Bij de op de voet van art. 434, eerste lid, Sv aan de Hoge Raad toegezonden stukken van het geding bevindt zich een voegingsformulier van de benadeelde partij [betrokkene 1] . Dit voegingsformulier houdt in:
"Voor [betrokkene 1] en haar familie zijn er onmenselijke stressreacties ontstaan na het overlijden van hun geliefde zoon, broer en vriend. Bij [betrokkene 1] uitten deze zich in de vorm van: depressiviteit, flauwtes, duizelingen, slecht slapen, concentratiestoornissen, vergeetachtigheid, verminderde eetlust, sterk verminderde levensvreugde, huilbuien en gevoelens van machteloosheid.
De shockschade is ontstaan door: het schokkende feit waarin het lichaam van [slachtoffer 2] werd aangetroffen zodat het sterk werd afgeraden door de politie om hem nog te zien, ruiken en te voelen. Ook de zeer schokkende confrontatie door politie met een foto van [slachtoffer 2] welke vernietigd zou worden, maar is verzuimd. Hierdoor raakte [betrokkene 1] letterlijk in een shocktoestand, waardoor zij totaal in een staat van apathie kwam en totaal lamgeslagen was. Deze combinatie van factoren maken dat er een dusdanige shock teweeg is gebracht met zeer zwaar psychisch leed. [betrokkene 1] staat tot op heden onder behandeling van een psychiater en psycholoog. Hiermee wordt aan de criteria om in aanmerking te komen voor shockschade voldaan.
Voor een verdere beschrijving wordt verwezen naar de schriftelijke slachtofferverklaring (SSV) en het spreekrecht waarvan nabestaanden gebruik maken.
Jurisprudentie/vergelijkbare uitspraken:
Hierbij wordt verwezen naar de uitspraak van het Gerechtshof Amsterdam, LJN: AV8220, 23-004732-05 (bijlage 3).
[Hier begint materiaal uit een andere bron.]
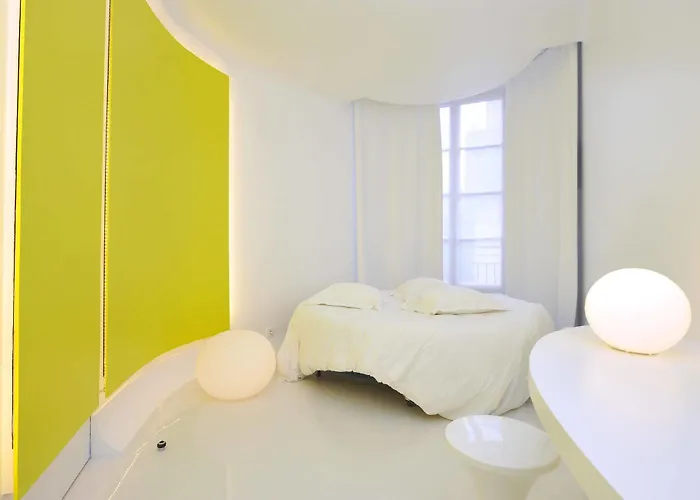 فندق Mercure Centre Passage Pommeraye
Verdachte heeft het kostbaarste bezit, namelijk het leven, van het slachtoffer ontnomen. Verdachte heeft hierdoor onherstelbaar psychisch leed toegebracht aan de nabestaanden. Moeder heeft het slachtoffer niet gezien met het toegebrachte letsel, maar is wel geconfronteerd met een body-bag waarbij zij het geloof maar moest hebben dat het om haar zoon ging. Eveneens is zij in een later stadium geconfronteerd met een afschuwelijke foto die een grote schok bij haar teweeg heeft gebracht.
Dit leidt tot de conclusie dat de immateriële schade van benadeelde gezien de omstandigheden, de ernst en de psychische gevolgen in redelijkheid te stellen op ten minste € 5.000,00 en thans opeisbaar is."